▸ Work item: Would you repeat the listing exactly but omit every picture?

▸ Supplied information:
━━━━━━

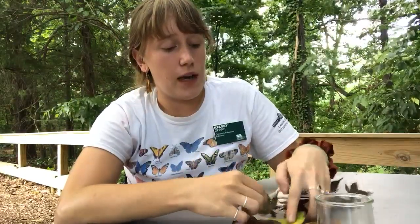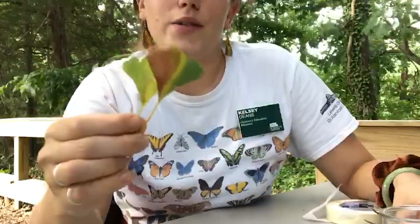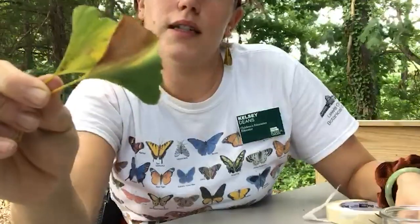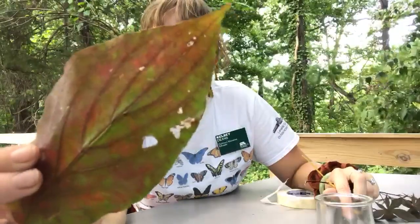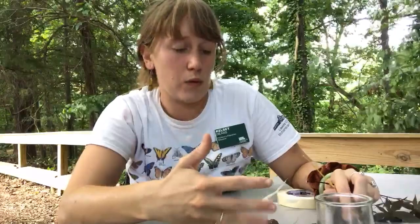For our chromatography, we're going to be comparing three different leaves. The first one is this nice pretty burgundy Japanese maple, and then I've got some yellow and green and brown ginkgo leaves, and then I have a bright red, yellow, and green dogwood leaf. What we'll do is separate those pigments and see which ones are in each leaf and talk a little bit about what they do.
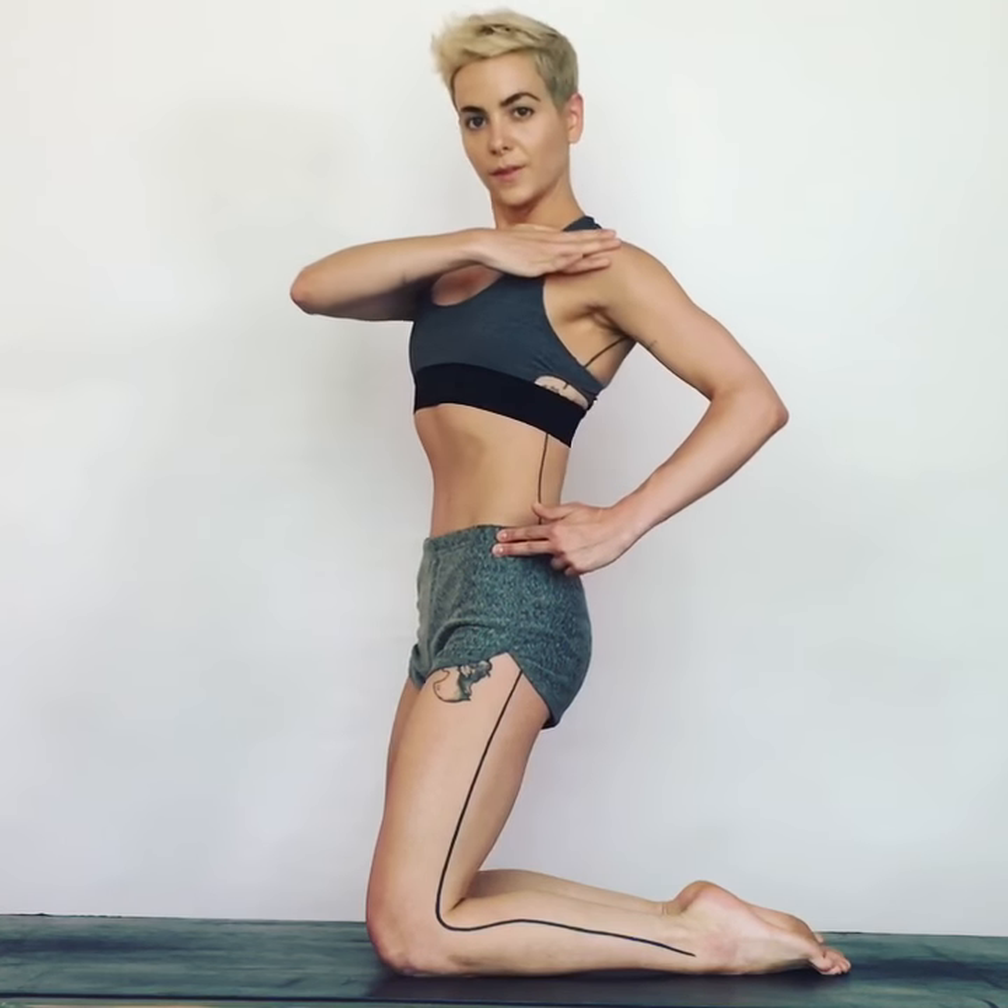Now, the natural tendency in this move is going to be to come up and then open up the entire body. Look — my hip is in front of the shoulder. Watch the correction, and then feel the slice in the waist.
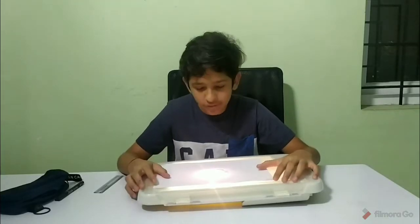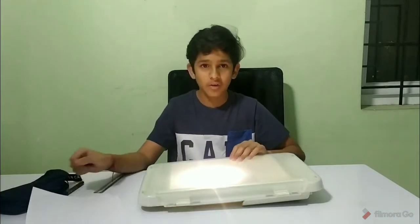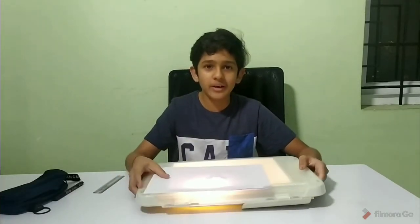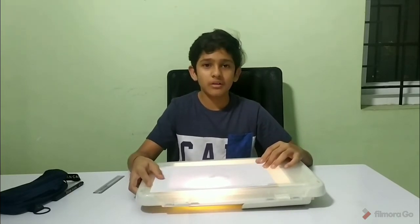So guys, we didn't have a light pad to trace the drawing, so what we did was we put a mobile phone and turned on the torch. Now it's like a homemade light pad, so you can always use it in quarantine.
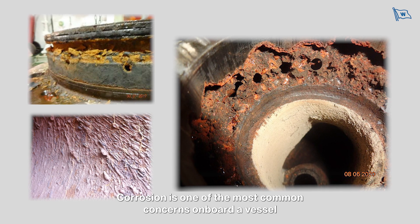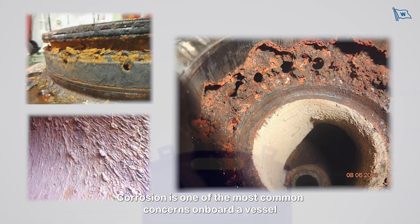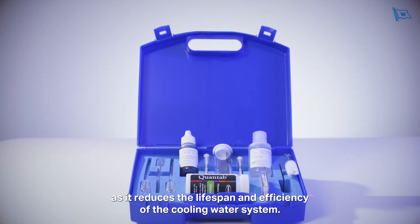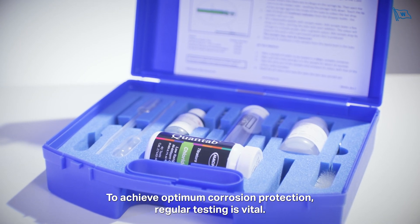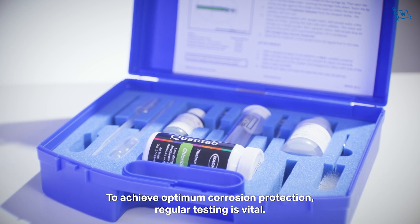Corrosion is one of the most common concerns on board a vessel, as it reduces the lifespan and efficiency of the cooling water system. To achieve optimum corrosion protection, regular testing is vital.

━━━━━━

▸ Result of the exercise:
For our chromatography, we're going to be comparing three different leaves. The first one is this nice pretty burgundy Japanese maple, and then I've got some yellow and green and brown ginkgo leaves, and then I have a bright red, yellow, and green dogwood leaf. What we'll do is separate those pigments and see which ones are in each leaf and talk a little bit about what they do.
Now, the natural tendency in this move is going to be to come up and then open up the entire body. Look — my hip is in front of the shoulder. Watch the correction, and then feel the slice in the waist.
So guys, we didn't have a light pad to trace the drawing, so what we did was we put a mobile phone and turned on the torch. Now it's like a homemade light pad, so you can always use it in quarantine.
Corrosion is one of the most common concerns on board a vessel, as it reduces the lifespan and efficiency of the cooling water system. To achieve optimum corrosion protection, regular testing is vital.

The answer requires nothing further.